Reproduce the listing exactly. Omit pictures.

• [Dataset excerpt]:
+===+

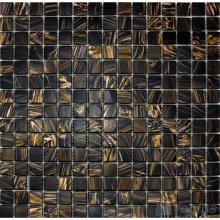 Black 20x20mm Gold Star Glass Mosaic Tile VG-GLS88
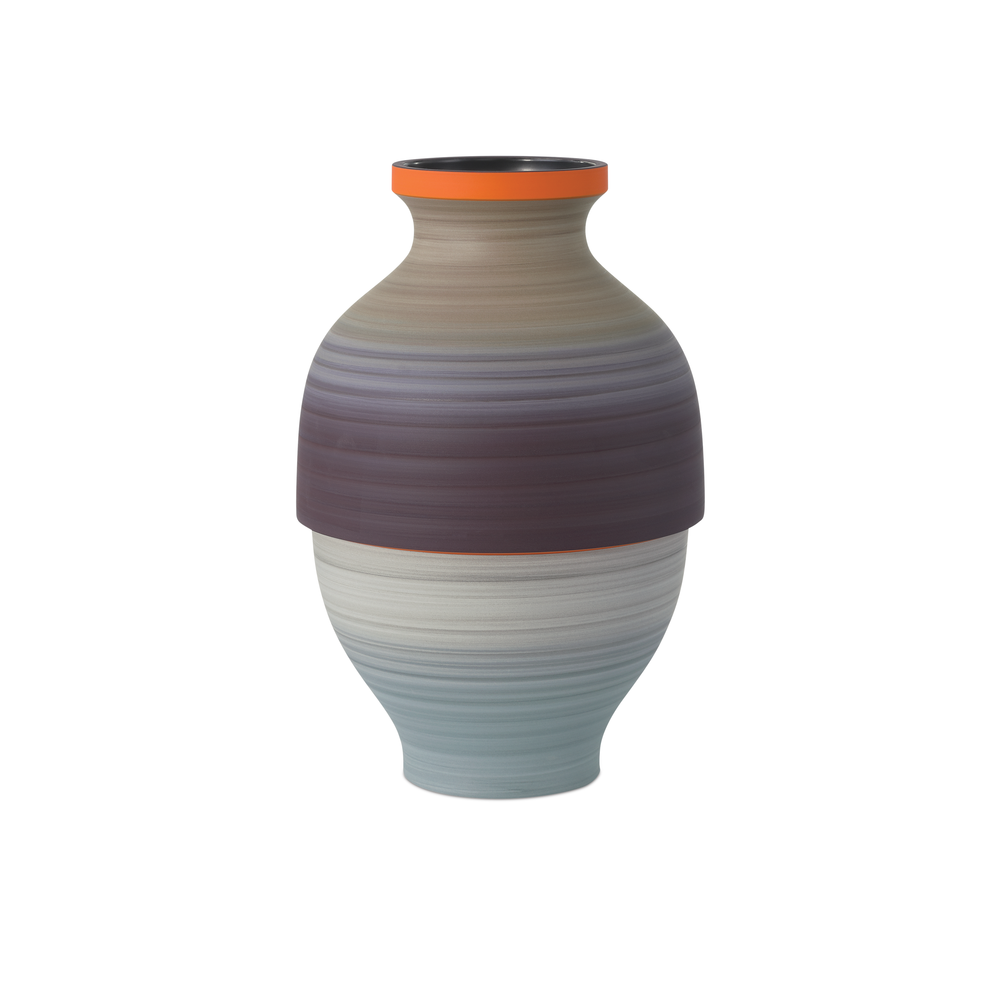 Happy 80's Gray, Beige, Orange & Blue Vase Set of 3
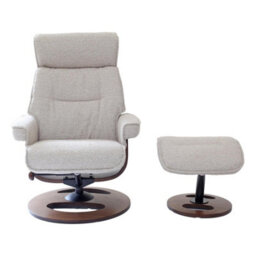 Morris Living The Newton Swivel Recliner Chair & Matching Footstool - Beige Fabric - thumbnail 4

+===+

• [Response to this task]:
 Black 20x20mm Gold Star Glass Mosaic Tile VG-GLS88
 Happy 80's Gray, Beige, Orange & Blue Vase Set of 3
 Morris Living The Newton Swivel Recliner Chair & Matching Footstool - Beige Fabric - thumbnail 4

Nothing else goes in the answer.